# Keflar for dogs



## Black Rabbit (Nov 14, 2009)

I went to the store today and this guy pulled up next to me with two pitbulls and an American Bulldog in the back of his truck. All three of them had vests on that looked kinda like life jackets. I asked him if he was going out on the water any why cause it was hella cold. He said no no, these are boar dogs. He had a dog before that was put down because of an injury from a tusk, so he got all of his dogs keflar vests. I didn't know they made bullet proof vests for dogs thats cool. I would totally by one if I still lived in the bay area.


----------



## Pitwerks (Nov 18, 2009)

I wouldn't really call them bulletproof but maybe impale proof, real bulletproof vests are quiet heavy, especially if it was on a dog. Its a great idea that someone made though, for working dogs that would protect them.


----------



## Black Rabbit (Nov 14, 2009)

Pitwerks said:


> I wouldn't really call them bulletproof but maybe impale proof, real bulletproof vests are quiet heavy, especially if it was on a dog. Its a great idea that someone made though, for working dogs that would protect them.

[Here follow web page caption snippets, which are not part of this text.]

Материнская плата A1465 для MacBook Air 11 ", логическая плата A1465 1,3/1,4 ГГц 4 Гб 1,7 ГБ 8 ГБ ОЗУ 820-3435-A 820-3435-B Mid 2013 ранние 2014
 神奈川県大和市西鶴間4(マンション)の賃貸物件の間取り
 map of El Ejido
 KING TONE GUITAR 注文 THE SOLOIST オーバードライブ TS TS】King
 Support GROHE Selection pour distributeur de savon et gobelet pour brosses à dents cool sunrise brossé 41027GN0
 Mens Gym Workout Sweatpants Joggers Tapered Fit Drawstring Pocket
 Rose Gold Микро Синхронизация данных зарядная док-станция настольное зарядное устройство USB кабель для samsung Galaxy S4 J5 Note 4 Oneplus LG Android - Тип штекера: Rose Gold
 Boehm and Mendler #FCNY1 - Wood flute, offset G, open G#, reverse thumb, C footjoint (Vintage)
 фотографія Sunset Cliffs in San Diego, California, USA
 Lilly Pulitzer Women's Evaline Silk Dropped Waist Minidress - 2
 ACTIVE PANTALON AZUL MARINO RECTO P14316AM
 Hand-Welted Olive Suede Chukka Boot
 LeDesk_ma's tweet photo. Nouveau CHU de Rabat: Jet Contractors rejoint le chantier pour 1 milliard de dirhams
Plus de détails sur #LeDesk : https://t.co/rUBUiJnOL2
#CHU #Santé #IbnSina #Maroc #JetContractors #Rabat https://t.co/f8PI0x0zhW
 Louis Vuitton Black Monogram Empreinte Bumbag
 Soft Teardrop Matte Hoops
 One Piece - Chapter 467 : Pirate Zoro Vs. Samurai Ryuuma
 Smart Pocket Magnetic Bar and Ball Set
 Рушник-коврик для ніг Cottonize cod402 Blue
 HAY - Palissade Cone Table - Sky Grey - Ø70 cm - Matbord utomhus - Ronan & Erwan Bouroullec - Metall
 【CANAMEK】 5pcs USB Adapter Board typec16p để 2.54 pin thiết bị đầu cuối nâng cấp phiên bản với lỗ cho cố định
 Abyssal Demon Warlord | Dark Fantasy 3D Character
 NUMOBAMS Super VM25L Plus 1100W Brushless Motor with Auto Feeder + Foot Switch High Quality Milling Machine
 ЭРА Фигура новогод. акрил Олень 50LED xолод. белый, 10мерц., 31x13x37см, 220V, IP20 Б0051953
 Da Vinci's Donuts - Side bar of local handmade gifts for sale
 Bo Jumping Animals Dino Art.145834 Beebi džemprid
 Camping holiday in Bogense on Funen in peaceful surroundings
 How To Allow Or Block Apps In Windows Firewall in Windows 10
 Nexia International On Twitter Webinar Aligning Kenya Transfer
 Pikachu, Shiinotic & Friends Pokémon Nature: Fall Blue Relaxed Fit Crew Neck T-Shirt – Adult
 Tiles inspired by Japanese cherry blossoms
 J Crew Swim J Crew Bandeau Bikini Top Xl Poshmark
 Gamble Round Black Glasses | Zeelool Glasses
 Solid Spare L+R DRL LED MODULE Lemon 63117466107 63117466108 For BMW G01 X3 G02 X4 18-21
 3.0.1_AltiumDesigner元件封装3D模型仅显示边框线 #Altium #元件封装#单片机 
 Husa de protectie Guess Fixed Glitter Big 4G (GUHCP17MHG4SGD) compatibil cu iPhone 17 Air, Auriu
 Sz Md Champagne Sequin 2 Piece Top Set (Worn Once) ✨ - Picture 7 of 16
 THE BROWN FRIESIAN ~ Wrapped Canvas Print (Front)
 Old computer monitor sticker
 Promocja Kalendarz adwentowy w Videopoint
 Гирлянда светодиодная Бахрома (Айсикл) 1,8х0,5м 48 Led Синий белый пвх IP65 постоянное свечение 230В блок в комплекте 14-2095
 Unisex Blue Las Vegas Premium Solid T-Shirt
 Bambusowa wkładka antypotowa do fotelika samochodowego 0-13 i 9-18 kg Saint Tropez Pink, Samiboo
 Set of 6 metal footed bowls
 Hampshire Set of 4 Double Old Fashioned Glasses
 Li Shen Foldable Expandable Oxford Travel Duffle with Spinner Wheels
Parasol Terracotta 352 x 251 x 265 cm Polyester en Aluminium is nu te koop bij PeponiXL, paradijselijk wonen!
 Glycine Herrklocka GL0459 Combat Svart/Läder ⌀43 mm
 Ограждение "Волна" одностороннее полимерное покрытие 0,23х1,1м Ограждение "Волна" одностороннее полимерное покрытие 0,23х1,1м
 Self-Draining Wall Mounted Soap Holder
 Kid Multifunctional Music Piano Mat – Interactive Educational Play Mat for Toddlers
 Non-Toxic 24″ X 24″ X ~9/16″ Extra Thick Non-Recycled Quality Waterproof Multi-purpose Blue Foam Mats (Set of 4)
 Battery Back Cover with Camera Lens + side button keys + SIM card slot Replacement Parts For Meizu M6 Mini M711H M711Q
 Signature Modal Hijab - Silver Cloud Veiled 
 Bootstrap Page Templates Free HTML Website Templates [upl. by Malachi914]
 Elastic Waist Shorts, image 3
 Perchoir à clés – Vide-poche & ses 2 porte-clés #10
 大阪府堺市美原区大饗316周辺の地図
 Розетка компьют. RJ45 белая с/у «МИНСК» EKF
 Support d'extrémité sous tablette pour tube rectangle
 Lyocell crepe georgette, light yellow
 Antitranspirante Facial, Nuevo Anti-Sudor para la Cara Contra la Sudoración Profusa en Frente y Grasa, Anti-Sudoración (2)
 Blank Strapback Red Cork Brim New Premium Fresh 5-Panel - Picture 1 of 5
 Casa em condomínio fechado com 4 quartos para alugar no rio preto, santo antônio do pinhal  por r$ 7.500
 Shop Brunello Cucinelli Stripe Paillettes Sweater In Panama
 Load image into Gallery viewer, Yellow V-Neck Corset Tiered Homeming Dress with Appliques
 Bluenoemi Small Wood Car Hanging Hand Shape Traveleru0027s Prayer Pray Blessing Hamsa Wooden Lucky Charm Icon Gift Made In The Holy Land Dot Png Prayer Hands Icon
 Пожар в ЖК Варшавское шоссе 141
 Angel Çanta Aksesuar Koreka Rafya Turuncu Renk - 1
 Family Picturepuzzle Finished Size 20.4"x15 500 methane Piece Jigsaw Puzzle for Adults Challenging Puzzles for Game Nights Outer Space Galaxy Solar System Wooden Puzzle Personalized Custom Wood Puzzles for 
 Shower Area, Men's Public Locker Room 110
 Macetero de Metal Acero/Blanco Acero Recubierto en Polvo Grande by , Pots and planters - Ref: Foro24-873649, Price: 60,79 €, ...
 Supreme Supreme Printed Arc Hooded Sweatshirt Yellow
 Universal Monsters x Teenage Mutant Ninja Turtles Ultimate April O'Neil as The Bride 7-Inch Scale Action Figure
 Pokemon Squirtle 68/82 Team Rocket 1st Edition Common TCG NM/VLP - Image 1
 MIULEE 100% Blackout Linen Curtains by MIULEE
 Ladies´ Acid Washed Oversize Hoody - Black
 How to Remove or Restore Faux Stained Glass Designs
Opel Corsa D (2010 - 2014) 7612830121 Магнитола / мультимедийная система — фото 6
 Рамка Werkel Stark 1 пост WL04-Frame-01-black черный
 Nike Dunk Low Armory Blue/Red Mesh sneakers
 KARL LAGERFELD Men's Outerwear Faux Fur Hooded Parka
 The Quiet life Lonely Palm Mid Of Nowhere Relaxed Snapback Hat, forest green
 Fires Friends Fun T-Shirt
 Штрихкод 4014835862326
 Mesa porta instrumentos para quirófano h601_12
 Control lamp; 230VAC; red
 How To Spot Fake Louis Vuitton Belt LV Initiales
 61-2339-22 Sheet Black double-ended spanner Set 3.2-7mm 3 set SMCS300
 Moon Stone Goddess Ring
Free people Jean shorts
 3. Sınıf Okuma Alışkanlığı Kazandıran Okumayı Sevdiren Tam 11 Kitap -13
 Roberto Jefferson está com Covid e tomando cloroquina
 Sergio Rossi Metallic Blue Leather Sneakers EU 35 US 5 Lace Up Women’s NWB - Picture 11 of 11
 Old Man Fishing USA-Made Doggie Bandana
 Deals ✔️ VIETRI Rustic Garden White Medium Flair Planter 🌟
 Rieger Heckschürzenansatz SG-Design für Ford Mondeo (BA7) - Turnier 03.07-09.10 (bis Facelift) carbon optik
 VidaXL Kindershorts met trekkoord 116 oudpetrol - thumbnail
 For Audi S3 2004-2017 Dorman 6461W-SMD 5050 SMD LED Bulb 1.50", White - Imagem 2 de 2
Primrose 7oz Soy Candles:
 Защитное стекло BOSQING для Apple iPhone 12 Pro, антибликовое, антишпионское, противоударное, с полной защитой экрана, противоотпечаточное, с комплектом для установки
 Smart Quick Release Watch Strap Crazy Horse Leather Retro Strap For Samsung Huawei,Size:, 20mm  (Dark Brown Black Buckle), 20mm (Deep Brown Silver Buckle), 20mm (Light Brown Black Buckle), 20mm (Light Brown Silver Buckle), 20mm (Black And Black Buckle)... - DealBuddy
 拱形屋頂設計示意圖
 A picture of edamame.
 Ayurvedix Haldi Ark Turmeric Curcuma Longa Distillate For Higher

It's a great idea for those kind of dogs. This guy really loves his dogs so he wanted to protect them while they were at work.


----------



## davidfitness83 (Jul 7, 2009)

I saw a special on DOGO Argentinos down in TX or down south and they wear kevlar vests to protect them from the tusks of the boars. I am pretty sure it is the same material of bullet proof vests, it is ligther because it doesn't have as many layers as a hhuman one.


----------



## MY MIKADO (Apr 7, 2006)

The vests the police dogs wear are bullet proof. We just had a fundraiser here to get a vest for the new police dog. I think it is a shame that there isn't money in the budget for the dogs to be protected.


----------



## Sadie's Dad (Jul 9, 2009)

kg420 said:


> I went to the store today and this guy pulled up next to me with two pitbulls and an American Bulldog in the back of his truck. All three of them had vests on that looked kinda like life jackets. I asked him if he was going out on the water any why cause it was hella cold. He said no no, these are boar dogs. He had a dog before that was put down because of an injury from a tusk, so he got all of his dogs keflar vests. I didn't know they made bullet proof vests for dogs thats cool. I would totally by one if I still lived in the bay area.


Well you know those hogs down in Texas and the other southern states, they are in the swine mafia so you know they are always got a piece on them. That is why the dogs need Kevlar.


----------



## pittybull01 (Dec 2, 2009)

yeah they need the vest cuase if the boar catches them it will not be good. I know of friend of my bother who did not invest in vest and the boar caught the pit in the gut and put a slice in him. luckly dude was some type of vet and managed to save and sew hes dog back up. personally I am not a fan of hog hunting with the dogs but to each their own.


----------



## Southern Inferno (Mar 12, 2009)

Like this









IMO its an invaluable piece of equipment for hog hunting. It doesn't protect everything but, if your catch dog does what he or she is supposed to do then it dramatically decreases the risk of injury. Some dont use them because of the heat, but they now have a material called Viper Weave which is more light weight.

Here is where I buy all my equipment if anyones interested in finding out more.

Country Mike's


----------



## Chaos4ever (Oct 2, 2009)

Song is pretty good (belly laughing) " I see you in that tree stand "


----------



## Black Rabbit (Nov 14, 2009)

That's great that they make these for the dogs. It doesn't seem fair to make them hunt with out them. great way to protect your dog.


----------



## boogiebot (Oct 7, 2009)

yeah i have seen some pretty cool vests for hog hunting. the come in various colors and even camo.


----------



## vdubbinya (Oct 8, 2008)

yeah its for protection from the tusks. theres been a many good dog dead from a boar. nasty animal. it will charge YOU too.


----------



## gh32 (Dec 22, 2007)

It's a cut vest.They're used by the catch dogs.It's to protect your dog and keep it from getting gutted by a hog.


----------



## gxkon (Jul 13, 2009)

MY MIKADO said:


> The vests the police dogs wear are bullet proof. We just had a fundraiser here to get a vest for the new police dog. I think it is a shame that there isn't money in the budget for the dogs to be protected.


it is a dam shame they cant but a vest for the k9 but i bet if u kill it u go to jail and have the same time for killin a cop i think if the po po cant protect there dogs they dont need em


----------